Na lista do grupo promotor, incluem-se nomes como os das escritoras Alice Vieira, Leonor Xavier e Lídia Jorge; os humoristas Bruno Nogueira, Joana Marques e Maria Rueff; músicos (Pedro Abrunhosa e Rui Veloso); ex-ministros (Vera Jardim e Poiares Maduro); jornalistas (Adelino Gomes, Adriano Miranda, Francisco José Viegas, Maria João Avillez e Paula Moura Pinheiro).

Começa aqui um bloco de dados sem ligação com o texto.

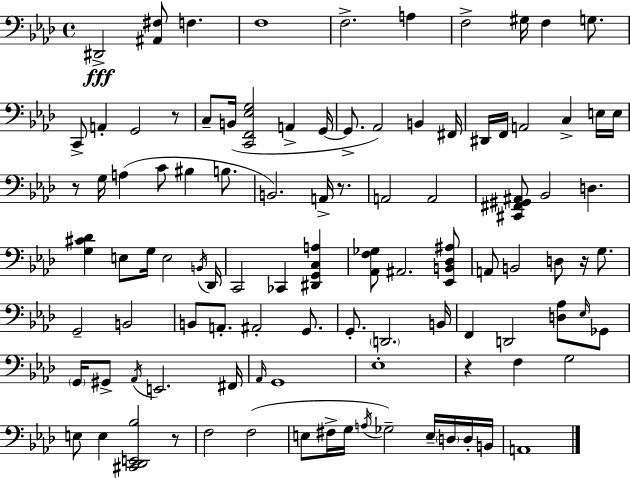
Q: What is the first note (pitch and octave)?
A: D#2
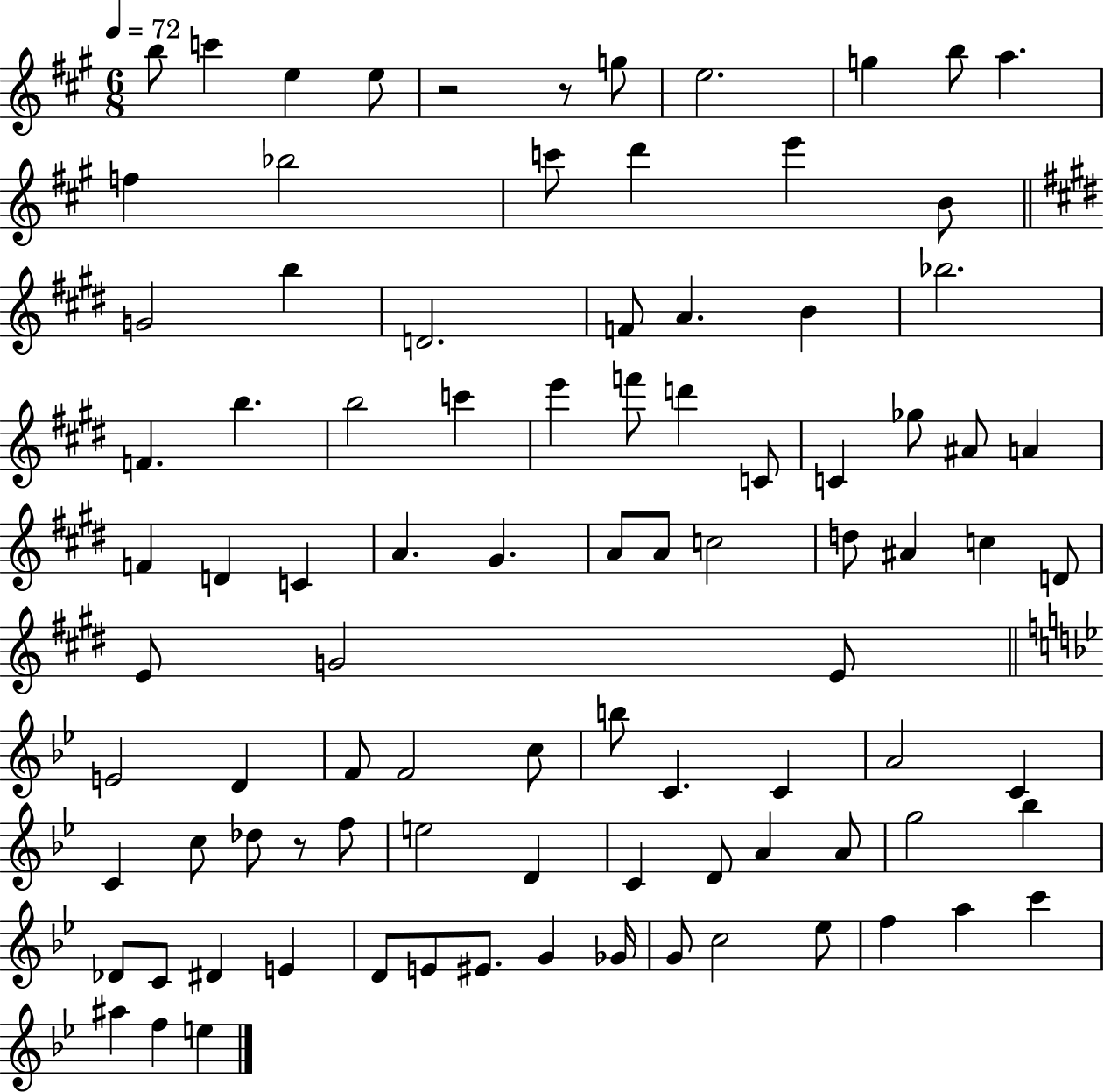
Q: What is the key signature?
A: A major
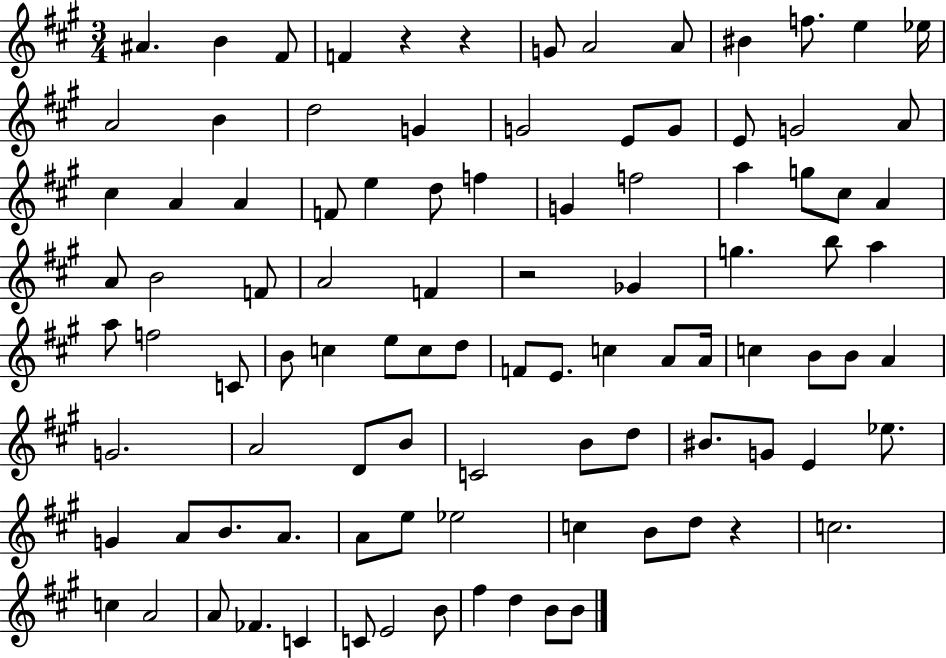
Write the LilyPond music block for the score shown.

{
  \clef treble
  \numericTimeSignature
  \time 3/4
  \key a \major
  \repeat volta 2 { ais'4. b'4 fis'8 | f'4 r4 r4 | g'8 a'2 a'8 | bis'4 f''8. e''4 ees''16 | \break a'2 b'4 | d''2 g'4 | g'2 e'8 g'8 | e'8 g'2 a'8 | \break cis''4 a'4 a'4 | f'8 e''4 d''8 f''4 | g'4 f''2 | a''4 g''8 cis''8 a'4 | \break a'8 b'2 f'8 | a'2 f'4 | r2 ges'4 | g''4. b''8 a''4 | \break a''8 f''2 c'8 | b'8 c''4 e''8 c''8 d''8 | f'8 e'8. c''4 a'8 a'16 | c''4 b'8 b'8 a'4 | \break g'2. | a'2 d'8 b'8 | c'2 b'8 d''8 | bis'8. g'8 e'4 ees''8. | \break g'4 a'8 b'8. a'8. | a'8 e''8 ees''2 | c''4 b'8 d''8 r4 | c''2. | \break c''4 a'2 | a'8 fes'4. c'4 | c'8 e'2 b'8 | fis''4 d''4 b'8 b'8 | \break } \bar "|."
}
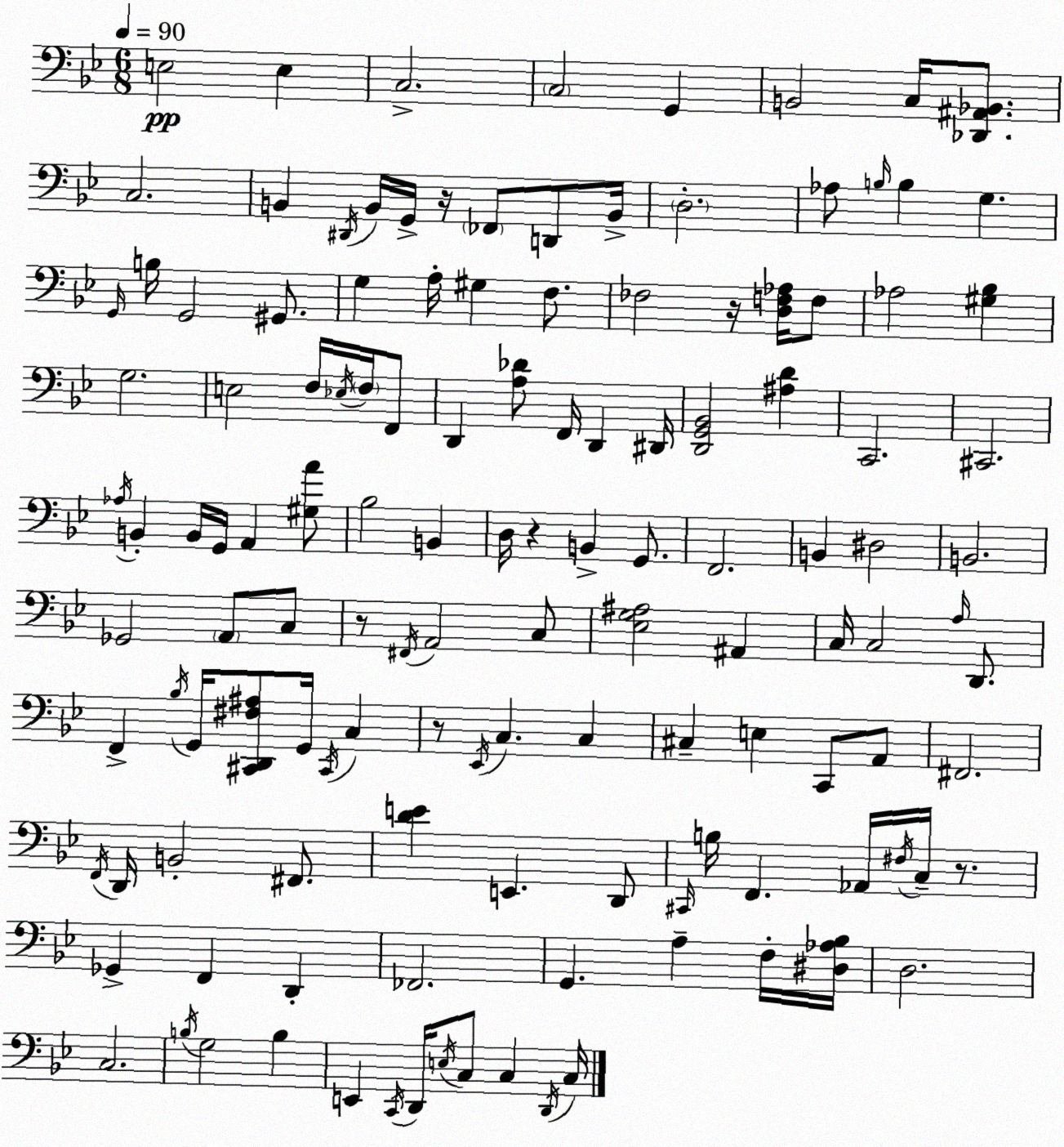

Há também várias pessoas oriundas de diferentes comunidades religiosas: António Calaím (Aliança Evangélica), Esther Mucznik e Isaac Assor (Comunidade Judaica), Fernando Ventura, Pedro Vaz Patto e Peter Stilwell (Igreja Católica), Jorge Pina Cabral (Igreja Lusitana), Khalid Jamal e Mahomed Iqbal (Comunidade Islâmica), Paulo Borges (União Budista) e Silas de Oliveira (Igreja Presbiteriana). A lista inclui ainda personalidades como Adel Sidarus, Álvaro Laborinho Lúcio, Daniel Sampaio, Deolinda Machado, Eugénio da Fonseca, Isabel Capeloa Gil, José Mattoso, Pedro Bacelar de Vasconcelos e Rui Vieira Nery.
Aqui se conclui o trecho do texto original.